Macbeth (1865)

Musique: Giuseppe Verdi
Livret: Francesco Maria Piave
Opéra en 4 acts.

Bayerische Staatsoper (Munich), 18 juilliet 2022

Diretion musicale: Antonino Fogliani
Mise en Scène: Martin Kušej
Décors: Martin Zehetgruber
Costumes: Werner Fritz
Lumière: Reinhard Traub

Lady Macbeth: Ekaterina Semenchuk
Macbeth: George Petean
Banco: Christian Van Horn
Macduff: Giovanni Sala

Bayerisches Staatsorchester
Bayerischer Staatsopernchor

Em português

En español

In Italiano

Bien que le livret de Piave soit très proche de la tragédie de Shakespeare et que Verdi ait essayé d’être aussi théâtral et shakespearien que possible, la première version de l’opéra Macbeth date de 1847, une période où les scènes se terminaient généralement en cabaletta et la musique de Verdi n’avait pas encore la profondeur qu’elle acquerrait plus tard.
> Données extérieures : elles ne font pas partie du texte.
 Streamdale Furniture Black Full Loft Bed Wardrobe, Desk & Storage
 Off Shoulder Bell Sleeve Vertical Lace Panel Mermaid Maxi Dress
Pour cette raison, même avec la révision ultérieure de 1865 (la version utilisée par le Bayerische Staatsoper), il est courant d’accuser l’œuvre de véhiculer un état d’esprit très différent de celui évoqué par Shakespeare dans sa tragédie. Ce n’est pourtant pas le sentiment avec lequel j’ai quitté le Nationaltheater de Munich après avoir vu la production de Martin Kušej le 18 juillet dans le cadre des Münchner Opernfestspiele. La mise en scène a redonné l’esprit shakespearien à l’œuvre.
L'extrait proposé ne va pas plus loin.